The static rule block in the system prompt teaches every main agent how the propagation marker works and when to use it — including which `subagent_type` values qualify, the path-based override rule, and when to build a graph yourself for deep investigation of an unindexed repo. You don't need to teach this from scratch in your orchestrator system prompt; it's already there.

The orchestrator (Sisyphus, Prometheus, OMO, your custom main agent, etc.) decides per spawn whether the subagent should see the dynamic envelope by including the marker `[[gitnexus:graph]]` anywhere in the subagent's prompt text. The plugin detects the marker, prepends the envelope, and strips the marker so the subagent never sees it as literal text.

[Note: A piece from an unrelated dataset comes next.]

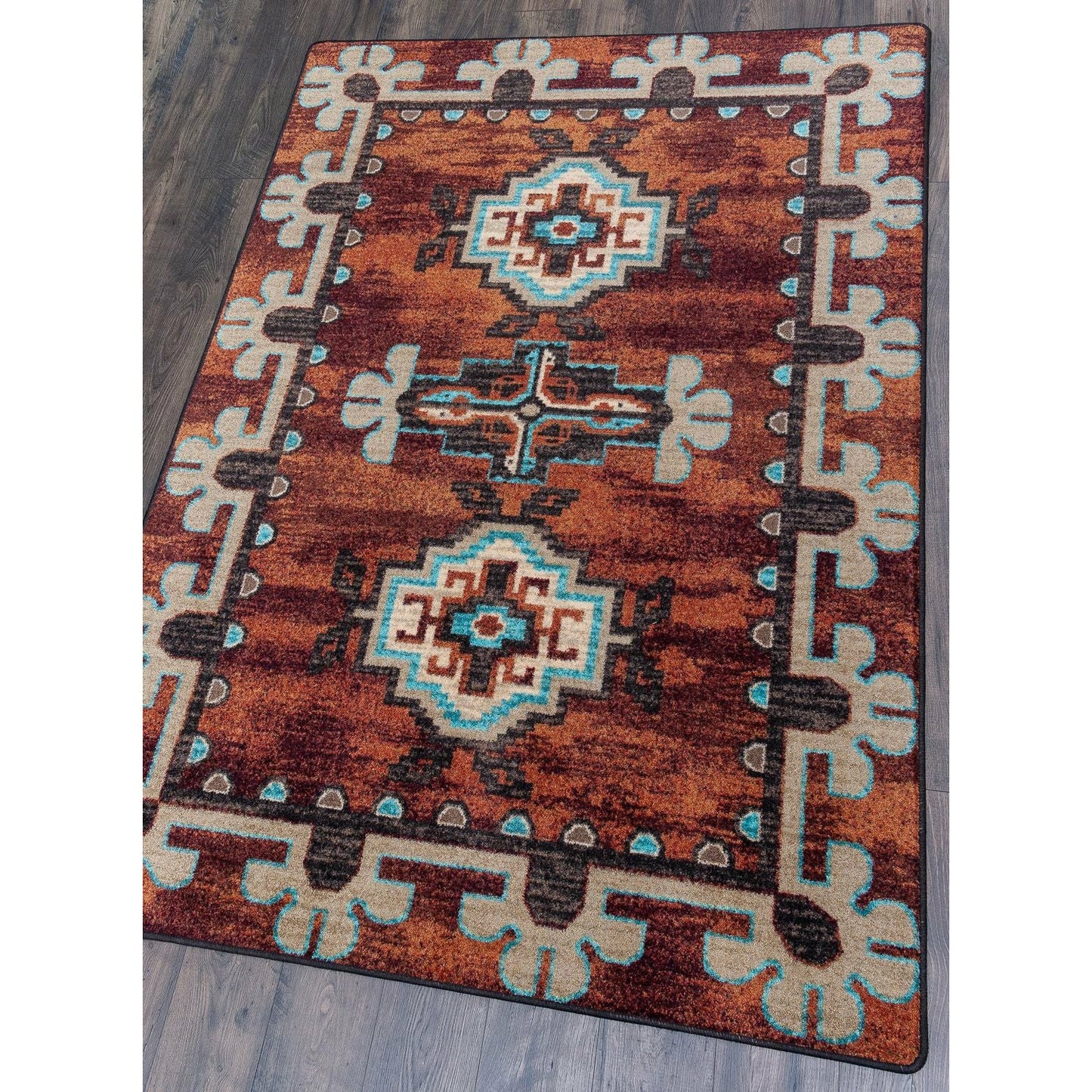 American Dakota Southwest Badlands Rug - Rust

**Recommended grant** (parent should add the marker):
- `explore`, `deep`, `build`, `quick`, `refactor`, `sisyphus-junior`, `general` — code-investigation agents
- Any subagent whose prompt mentions an absolute path inside an indexed repo, regardless of `subagent_type`

**Recommended skip** (parent omits the marker):
- `librarian`, doc/knowledge lookup agents
- `oracle` and other reasoning-only agents
- Plan critics (`Momus`, `Metis`), plan builders (`Prometheus`)
- Writing / multimodal / non-code agents

A lite variant of the rule block is pushed onto every subagent's system prompt by the same `system.transform` hook, so even a subagent spawned without the marker still knows the envelope contract (`gitnexus_list_repos` for self-discovery if the orchestrator forgot the marker) and the tool preference list. The marker controls only whether the **per-instance repo data** is delivered as a user-message envelope.

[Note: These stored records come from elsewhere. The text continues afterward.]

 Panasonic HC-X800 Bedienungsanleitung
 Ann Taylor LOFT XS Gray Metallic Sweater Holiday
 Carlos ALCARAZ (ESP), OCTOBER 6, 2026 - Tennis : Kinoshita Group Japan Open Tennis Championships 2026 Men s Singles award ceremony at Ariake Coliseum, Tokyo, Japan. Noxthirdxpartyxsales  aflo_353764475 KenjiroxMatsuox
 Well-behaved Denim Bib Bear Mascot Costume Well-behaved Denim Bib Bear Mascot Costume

**Example spawn (from a main agent):**

```
task(
  subagent_type="explore",
  prompt="[[gitnexus:graph]] List every caller of buildEnvelope in the repo"
)
```

Inside the spawned subagent the prompt becomes:

```xml
<gitnexus_graph source="gitnexus" version="2" freshness="up_to_date">
<summary>Code knowledge graph is available. Graph is current.</summary>
<indexed_repos>
<repo name="myproj" path="/Users/me/code/myproj"/>
</indexed_repos>
<rules>See the GitNexus section of the system prompt for tool preference and subagent propagation rules (marker [[gitnexus:graph]]).</rules>
</gitnexus_graph>

List every caller of buildEnvelope in the repo
```

The marker itself is gone — the subagent only sees the envelope and the cleaned prompt.

## Uninstall

Remove `~/.config/opencode/plugins/gitnexus-opencode.js` and restart OpenCode.

If you added GitNexus permissions to `opencode.json`, remove the `gitnexus_query`, `gitnexus_context`, `gitnexus_impact` entries from the `permission` object.

If your orchestrator prompts contain literal `[[gitnexus:graph]]` markers, those become harmless inert text once the plugin is removed. You can leave them or strip them at your convenience.

For full cleanup see [UNINSTALL.md](./UNINSTALL.md).